[Entries taken from a collection]
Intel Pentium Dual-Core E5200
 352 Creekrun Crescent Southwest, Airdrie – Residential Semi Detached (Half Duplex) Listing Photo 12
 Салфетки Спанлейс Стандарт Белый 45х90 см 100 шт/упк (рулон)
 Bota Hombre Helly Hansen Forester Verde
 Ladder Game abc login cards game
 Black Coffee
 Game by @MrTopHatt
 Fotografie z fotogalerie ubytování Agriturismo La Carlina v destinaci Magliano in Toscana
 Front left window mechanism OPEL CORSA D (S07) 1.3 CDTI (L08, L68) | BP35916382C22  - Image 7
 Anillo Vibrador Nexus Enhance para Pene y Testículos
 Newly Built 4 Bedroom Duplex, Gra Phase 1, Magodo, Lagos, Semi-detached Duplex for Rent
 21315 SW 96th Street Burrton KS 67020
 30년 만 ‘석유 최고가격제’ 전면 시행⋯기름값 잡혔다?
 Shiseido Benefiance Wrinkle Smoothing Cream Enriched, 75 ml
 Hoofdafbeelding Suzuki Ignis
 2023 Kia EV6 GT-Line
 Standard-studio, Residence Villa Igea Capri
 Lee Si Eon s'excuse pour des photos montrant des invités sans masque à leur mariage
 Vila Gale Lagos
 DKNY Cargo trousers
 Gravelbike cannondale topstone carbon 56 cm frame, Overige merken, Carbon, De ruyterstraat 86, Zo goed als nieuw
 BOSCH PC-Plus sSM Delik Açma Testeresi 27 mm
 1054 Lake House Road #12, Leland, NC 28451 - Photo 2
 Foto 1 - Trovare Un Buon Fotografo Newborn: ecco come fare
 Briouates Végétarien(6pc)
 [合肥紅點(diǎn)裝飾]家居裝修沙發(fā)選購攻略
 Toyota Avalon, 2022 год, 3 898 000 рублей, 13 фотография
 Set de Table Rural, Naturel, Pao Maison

**TASK TO COMPLETE:** Wherever the line holding "Standard-studio, Residence Villa Igea Capri" falls in the entries above, copy exactly from it through the line holding "1054 Lake House", inclusive, and add nothing.

**SOLUTION:**
 Standard-studio, Residence Villa Igea Capri
 Lee Si Eon s'excuse pour des photos montrant des invités sans masque à leur mariage
 Vila Gale Lagos
 DKNY Cargo trousers
 Gravelbike cannondale topstone carbon 56 cm frame, Overige merken, Carbon, De ruyterstraat 86, Zo goed als nieuw
 BOSCH PC-Plus sSM Delik Açma Testeresi 27 mm
 1054 Lake House Road #12, Leland, NC 28451 - Photo 2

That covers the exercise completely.